Echoes of struggle for freedom in Lemkivshchyna

Before World War [ I ], Lemkivshchyna, that beautiful corner of Ukraine, was so clouded by moscophilism that it seemed it would be completely lost to the Ukrainian idea. For many years Lemkivshchyna had been nurtured in the moscophile spirit by various, unconscionable agitators and it put all the hopes of its unenviable fate in Russia's might. Ukrainians were very poorly organized in Lemkivshchyna, in addition they exercised only a small influence on the people. Whenever they tried to distribute their periodicals and books, opponents always found a way to paralyze their efforts. In this, these opponents held nothing back, but hammered such hatred not only to the Ukrainian idea, but to the very name Ukraine, into unenlightened people that to this day it is difficult for the people to grow out of this brain-washing.

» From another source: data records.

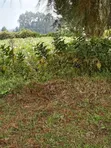 50x100 Plot for Sale in Njoro Town - 2
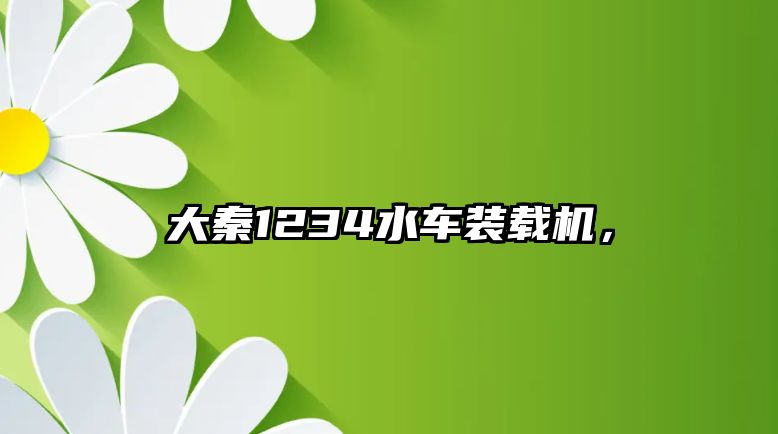 大秦1234水車裝載機，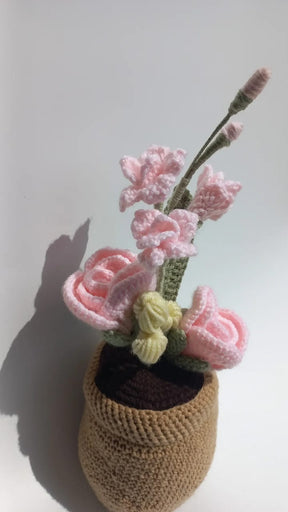 Blush Delight Pot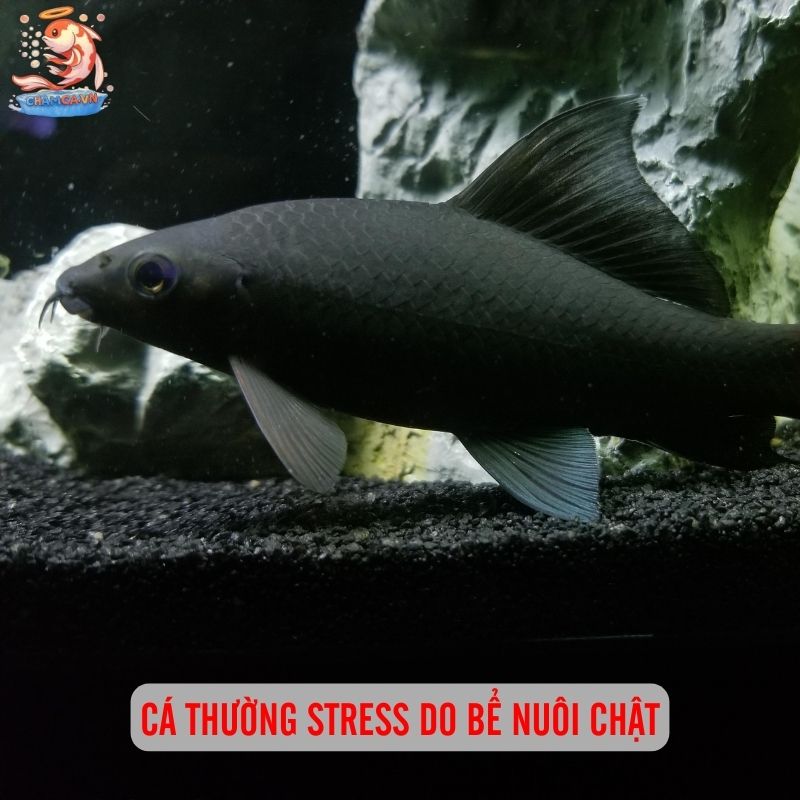 Cá Mập Nước Ngọt - Lưu Ý Quan Trọng Trước Khi Nuôi 7 Cá thường stress do bể nuôi chật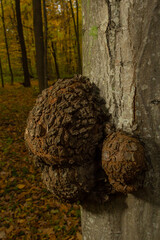Deformed trunk of a thick old tree with painful growths on a blurred background
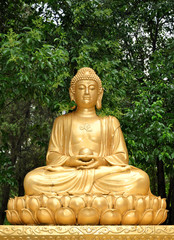 golden buddha statue meditating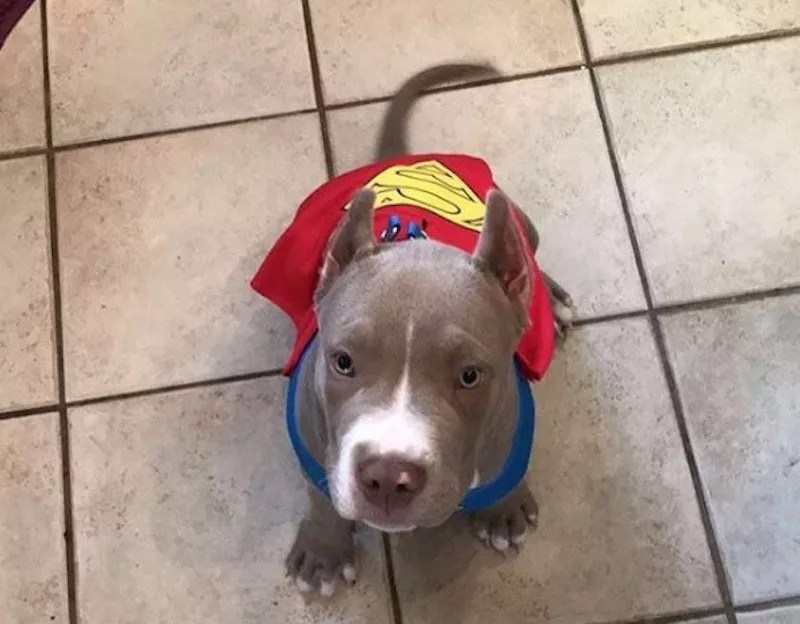 Heartbreaking Images of the Stolen Puppy of Cowboys WR Lucky Whitehead (Update: Blitz Has Been Returned.)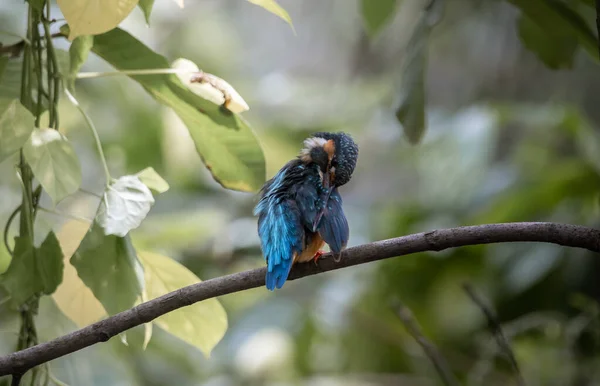 Common Kingfisher Branch Tree — Stock Photo, Image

It is also true that Ukrainians either took very little interest in Lemkivshchyna or took no interest at all. They did not try to get to know their brothers to the west, nor influence them, nor nurture them in the Ukrainian concept. How little our Galicia concerned itself with Lemkivshchyna we see from the fact that when Ukrainians were being gathered into a newly arisen Ukrainian republic, Lemkivshchyna was spoken of fleetingly and unclearly. Lemkivshchyna had been saddled almost exclusively with moscophile priests and teachers. For some reason, Ukrainians were afraid to settle among the Lemkos. They were inhibited by the Lemko dialect, the great distance from eastern Galicia and the inaccessibility of the mountains.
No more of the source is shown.